To start with I’ll use Piotroski’s nine variables to get an overview of financial distress risk at March 2020.

  1. Is the company profitable?

In the year to March 2020 Caffyns made £0.252m loss after tax, therefore it does not gain a Piotroski point.

  1. Does the company produce positive cash flow from operations?

Caffyns generated £3m of operating cash flows before movements in working capital, thus a Piotroski point is gained.

  1. Has return on assets improved?

Net loss before taking account of exceptional items in 2020 was £0.07m, but there was a profit of £0.952m in 2019. No Piotroski point.

  1. Is cash flow greater than profits?

Yes. The second point scored.

  1. Has the ratio of long-term debt to average total assets during the year diminished?

For 2020: £11.8m/£94.7m = 12.5%

For 2019: £12.63m/£93.1m = 13.6%.

Yes, so a third Piotroski point.

  1. Has the current ratio improved?

Current assets divided by current liabilities.

2020: £45.8m/£44.7m = 1.02

2019: £47.2m/£44.9m = 1.05

There has been a deterioration, and so no point is scored.

  1. Has the company raised cash by selling shares recently?

No. One Piotroski point scored.

  1. Has the gross profit margin improved?

2020: GPM was 12.6%

2019: GPM was 12.4%

Fifth Piotroski point.

  1. Has the ratio of turnover to total assets (at beginning of the year) improved?

2020: £197.9m/£94.9m =  2.1

2019: £209.25m/£91.4m = 2.29

There has been a decline, so no Piotroski point scored.

Conclusion on Piotroski 

A score of five out of ten is good and does not signal much financial distress risk from the pre-Covid-19 data.

But to consider the financial shock effect on car sales and property prices we need to probe into the downside risk associated with the debt taken on by Caffyns.

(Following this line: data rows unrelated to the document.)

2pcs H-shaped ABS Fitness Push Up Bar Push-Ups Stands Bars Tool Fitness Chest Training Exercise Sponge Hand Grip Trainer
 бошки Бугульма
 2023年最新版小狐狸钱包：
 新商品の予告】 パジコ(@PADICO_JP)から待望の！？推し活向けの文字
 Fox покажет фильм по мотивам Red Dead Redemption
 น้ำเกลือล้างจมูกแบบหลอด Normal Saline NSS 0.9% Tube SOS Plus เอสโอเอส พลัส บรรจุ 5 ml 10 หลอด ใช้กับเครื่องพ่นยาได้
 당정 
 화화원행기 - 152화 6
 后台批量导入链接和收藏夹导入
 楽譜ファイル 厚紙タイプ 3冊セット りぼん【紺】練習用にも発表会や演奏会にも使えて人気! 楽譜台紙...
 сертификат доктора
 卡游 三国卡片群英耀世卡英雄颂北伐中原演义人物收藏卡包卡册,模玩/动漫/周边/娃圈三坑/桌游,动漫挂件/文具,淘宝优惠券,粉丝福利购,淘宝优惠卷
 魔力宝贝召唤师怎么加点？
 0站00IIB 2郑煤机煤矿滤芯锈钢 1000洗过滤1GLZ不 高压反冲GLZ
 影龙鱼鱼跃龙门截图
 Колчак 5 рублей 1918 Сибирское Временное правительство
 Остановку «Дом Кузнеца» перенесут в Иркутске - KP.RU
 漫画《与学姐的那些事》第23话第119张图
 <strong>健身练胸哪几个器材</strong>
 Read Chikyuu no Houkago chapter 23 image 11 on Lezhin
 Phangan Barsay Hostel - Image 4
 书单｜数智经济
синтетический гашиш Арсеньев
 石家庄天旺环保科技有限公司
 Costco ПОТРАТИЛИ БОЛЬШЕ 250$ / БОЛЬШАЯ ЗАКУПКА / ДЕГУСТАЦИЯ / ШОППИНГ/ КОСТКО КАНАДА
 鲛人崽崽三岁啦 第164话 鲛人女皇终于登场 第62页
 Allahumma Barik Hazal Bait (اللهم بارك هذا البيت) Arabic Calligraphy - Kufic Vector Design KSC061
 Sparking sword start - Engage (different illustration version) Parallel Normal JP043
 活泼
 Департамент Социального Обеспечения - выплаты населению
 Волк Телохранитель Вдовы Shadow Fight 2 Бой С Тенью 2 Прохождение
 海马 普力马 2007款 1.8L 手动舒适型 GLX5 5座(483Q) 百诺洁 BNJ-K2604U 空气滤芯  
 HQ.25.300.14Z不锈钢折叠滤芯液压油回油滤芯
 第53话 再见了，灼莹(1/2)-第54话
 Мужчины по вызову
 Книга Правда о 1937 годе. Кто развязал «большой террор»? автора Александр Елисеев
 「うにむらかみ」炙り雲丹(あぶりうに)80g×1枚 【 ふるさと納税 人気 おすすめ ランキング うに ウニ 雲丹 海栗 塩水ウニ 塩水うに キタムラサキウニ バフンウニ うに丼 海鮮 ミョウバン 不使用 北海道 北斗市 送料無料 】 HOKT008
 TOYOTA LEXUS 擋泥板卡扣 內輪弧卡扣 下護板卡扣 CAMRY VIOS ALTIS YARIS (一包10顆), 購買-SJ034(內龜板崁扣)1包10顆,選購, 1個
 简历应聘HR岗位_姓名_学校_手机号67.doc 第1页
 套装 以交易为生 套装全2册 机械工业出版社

A closer look at Caffyn’s debt

Debt facilities have been agreed with HSBC and VW Bank:

  • HSBC term loan with an outstanding balance of £6.8m in March 2020 is repayable in instalments to 2038. Renewable in March 2023
  • HSBC revolving credit facility of £7.5m, renewable in March 2023. Balance in March 2019: £4m.
  • HSBC overdraft facility of £6m, renewable annually
  • VW Bank overdraft facility of £7m renewable annually
  • VW Bank term loan, now £1.9m, repayable November 2023.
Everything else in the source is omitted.